At Museum of Art and Photography, Bengaluru

How have things changed?

I think my relationship with art—and perhaps more specifically artistic and art-adjacent output—changed when I started applying to college.

When I decided to apply to American universities, I started to work pretty heavily on my art. I started to become more and more consistent, and it became an important part of my life very quickly.

A lot of my art from this time of my life was determined pretty heavily by what I expected people would see of it. I wanted to have a solid back catalogue; I didn’t want people to believe that I started to work on these things solely for the college application. I wanted to demonstrate interest and commitment. I really did not want to be “flaky” in the slightest; I wanted to prove—not through my words but rather through my actions—that these were things about which I cared deeply.

This, somewhat counterintuitively, seems to have diluted my relationship with art and my identity as an artist. I became someone who would make things because I had to make it, not because I had something interesting to say. I started to create stuff solely for the sake of creation (and perhaps to a lesser extent learning). Everything became output based—how much stuff was I able to create in this extremely limited amount of time?

This focus on frequency over quality, and on output rather than the artistic process, meant that I stopped engaging deeply with the process of creating; or at least, not as deeply as I hoped to. This is perhaps where my creations stopped being art; in my opinion, art is as much the process of creating as it is the creation itself. This is also perhaps the reason for the insane levels of burnout I experienced towards the end of the twelfth grade.

Of course, suggesting that this was universally bad for my artistic journey is also a bit of a fraudulent narrative; it was extremely important in my journey as an artist to do things that are difficult, to show up everyday and get into the habit of making things, and learning how to improve upon them slowly and steadily. It made me realise how much I loved creating, even if it was something that became a chore to do.

At a Jacob Collier concert on November in Bengaluru

Wait, it changed again?

Well, twelfth ended. I submitted my applications. I finished my board exams. I went on trips. I got accepted to college. I got rejected to college too. I began college.

During this whole 6 month long stretch, I barely touched art.

This wasn’t universally good (of course). I missed making things. I found it hard to start, even when I really wanted to. I felt inspired, but I didn’t feel the need to do something about it in my bones. The artistic impulse to put myself out there vanished.

But the break was necessary. It was calculated. I needed a better relationship with my work. I wanted to make things because I had fun making them, not because I felt like someone—who probably didn’t exist—wanted me to. And it definitely helped.

As time has gone on, I’ve become more and more inspired to make things. I’ve started to want to make things *just for me*, not to release. I’ve started to dream up larger and larger projects that will—certainly—take up more and more of my time. And the best part is that the driving force is a need for artistic release, nothing else.

I’ve started to write more and more.
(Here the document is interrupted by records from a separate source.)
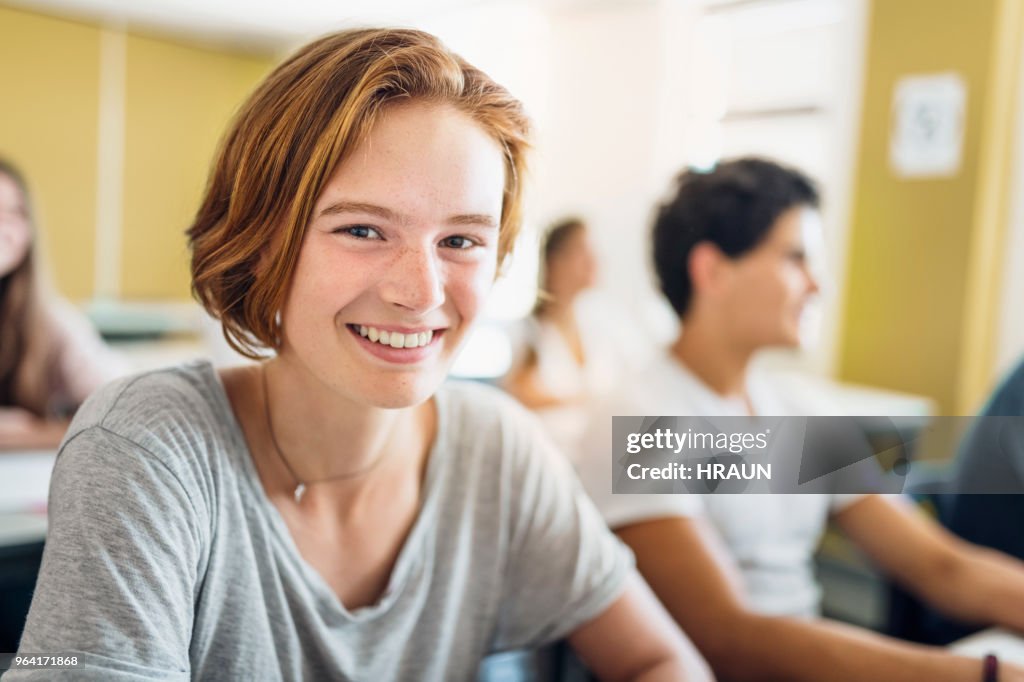 Portrait de l’étudiante en souriant dans la salle de classe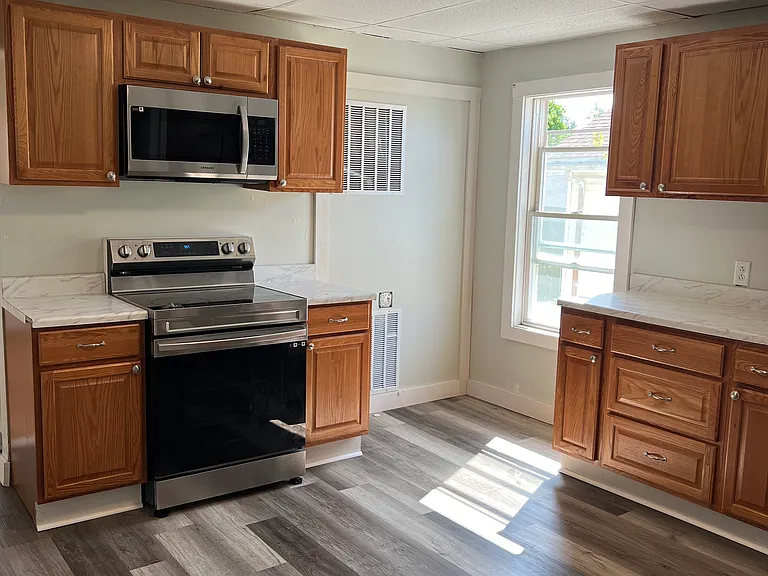 218 Vernon St #1 — Photo 1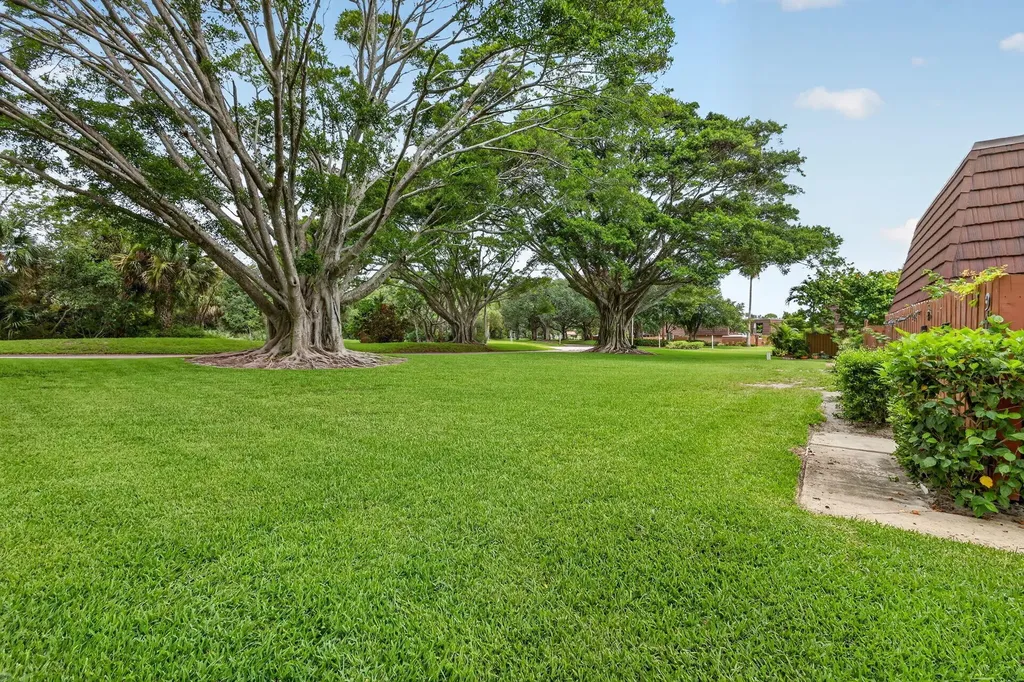 6202 SE Riverboat Drive Stuart FL 34997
I’ve started working on ideas and scripts.

I’ve started to work on music, too. I have an album idea I really hope I’ll release somewhat soon. Or at least start working on eventually.

I’ve gotten into film. I want to learn how to make things with a shitty camera, but I’m not going to release it for anyone except my close friends.

And photography. I want to take photos that inspire, that aren’t just me learning the ropes.

And, well, I want to paint again.

I have ideas!

What now?

Well, things are going to definitely become a lot more infrequent. Don’t expect regular, weekly blog posts (although I will definitely keep writing a ton).

Expect longer videos, though, hopefully with better production quality and with stuff I’ve learnt through these few months.

Also expect fewer photos. No daily uploads anymore, but higher quality ones.

Basically, expect a slower artistic process with better, more engaging, and more exciting output.

Thank you so much for sticking with my work, and listening to all that I have to say! I hope you’ll still be here for what’s yet to come! Thanks for reading, and I’ll catch you very soon.